_WHAT THE EXERCISE ASKS_
Only the lines from the start of the entries up to and including the line with "bouldern - Kinder" should be written out, exactly as they stand.
******************************
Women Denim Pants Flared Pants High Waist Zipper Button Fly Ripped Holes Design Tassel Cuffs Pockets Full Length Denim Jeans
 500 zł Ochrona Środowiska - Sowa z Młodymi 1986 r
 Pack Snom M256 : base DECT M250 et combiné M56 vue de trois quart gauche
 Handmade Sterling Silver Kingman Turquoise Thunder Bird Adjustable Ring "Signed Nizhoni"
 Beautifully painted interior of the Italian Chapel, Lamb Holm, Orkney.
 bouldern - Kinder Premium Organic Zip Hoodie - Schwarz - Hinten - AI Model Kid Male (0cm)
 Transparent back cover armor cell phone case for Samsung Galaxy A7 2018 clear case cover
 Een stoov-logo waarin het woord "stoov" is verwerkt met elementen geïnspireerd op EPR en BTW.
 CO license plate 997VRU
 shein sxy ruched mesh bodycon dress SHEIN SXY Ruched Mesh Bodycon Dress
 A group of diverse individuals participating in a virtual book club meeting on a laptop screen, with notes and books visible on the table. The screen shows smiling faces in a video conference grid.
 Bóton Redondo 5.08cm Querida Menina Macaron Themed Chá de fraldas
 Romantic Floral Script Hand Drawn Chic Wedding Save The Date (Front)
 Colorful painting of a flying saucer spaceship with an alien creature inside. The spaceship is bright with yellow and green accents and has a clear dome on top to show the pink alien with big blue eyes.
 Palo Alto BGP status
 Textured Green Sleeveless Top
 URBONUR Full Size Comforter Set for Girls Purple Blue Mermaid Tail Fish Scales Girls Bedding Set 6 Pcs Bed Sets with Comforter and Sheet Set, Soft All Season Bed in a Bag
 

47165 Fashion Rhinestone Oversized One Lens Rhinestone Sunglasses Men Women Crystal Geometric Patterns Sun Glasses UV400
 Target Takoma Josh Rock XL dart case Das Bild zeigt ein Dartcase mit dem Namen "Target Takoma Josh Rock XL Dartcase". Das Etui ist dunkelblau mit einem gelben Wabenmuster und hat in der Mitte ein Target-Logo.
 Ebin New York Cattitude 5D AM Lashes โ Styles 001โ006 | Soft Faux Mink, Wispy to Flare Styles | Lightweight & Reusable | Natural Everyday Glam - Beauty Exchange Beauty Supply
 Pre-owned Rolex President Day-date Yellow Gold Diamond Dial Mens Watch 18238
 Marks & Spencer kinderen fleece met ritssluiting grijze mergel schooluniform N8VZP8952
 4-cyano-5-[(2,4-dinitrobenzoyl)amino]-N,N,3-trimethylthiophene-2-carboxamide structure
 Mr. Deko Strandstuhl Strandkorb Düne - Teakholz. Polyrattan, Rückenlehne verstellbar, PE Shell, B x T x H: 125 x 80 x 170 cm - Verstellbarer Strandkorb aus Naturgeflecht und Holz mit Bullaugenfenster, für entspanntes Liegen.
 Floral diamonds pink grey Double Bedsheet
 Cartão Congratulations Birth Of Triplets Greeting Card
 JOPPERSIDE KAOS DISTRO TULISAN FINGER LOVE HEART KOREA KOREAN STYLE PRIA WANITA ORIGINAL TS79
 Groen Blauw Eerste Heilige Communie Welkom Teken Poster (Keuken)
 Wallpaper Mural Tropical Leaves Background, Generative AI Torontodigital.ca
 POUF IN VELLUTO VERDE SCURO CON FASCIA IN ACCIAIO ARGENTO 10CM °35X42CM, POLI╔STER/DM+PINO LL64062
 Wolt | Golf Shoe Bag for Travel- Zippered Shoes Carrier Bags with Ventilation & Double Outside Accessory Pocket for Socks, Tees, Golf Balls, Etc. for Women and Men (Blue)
******************************
_ANSWER BOX_
Women Denim Pants Flared Pants High Waist Zipper Button Fly Ripped Holes Design Tassel Cuffs Pockets Full Length Denim Jeans
 500 zł Ochrona Środowiska - Sowa z Młodymi 1986 r
 Pack Snom M256 : base DECT M250 et combiné M56 vue de trois quart gauche
 Handmade Sterling Silver Kingman Turquoise Thunder Bird Adjustable Ring "Signed Nizhoni"
 Beautifully painted interior of the Italian Chapel, Lamb Holm, Orkney.
 bouldern - Kinder Premium Organic Zip Hoodie - Schwarz - Hinten - AI Model Kid Male (0cm)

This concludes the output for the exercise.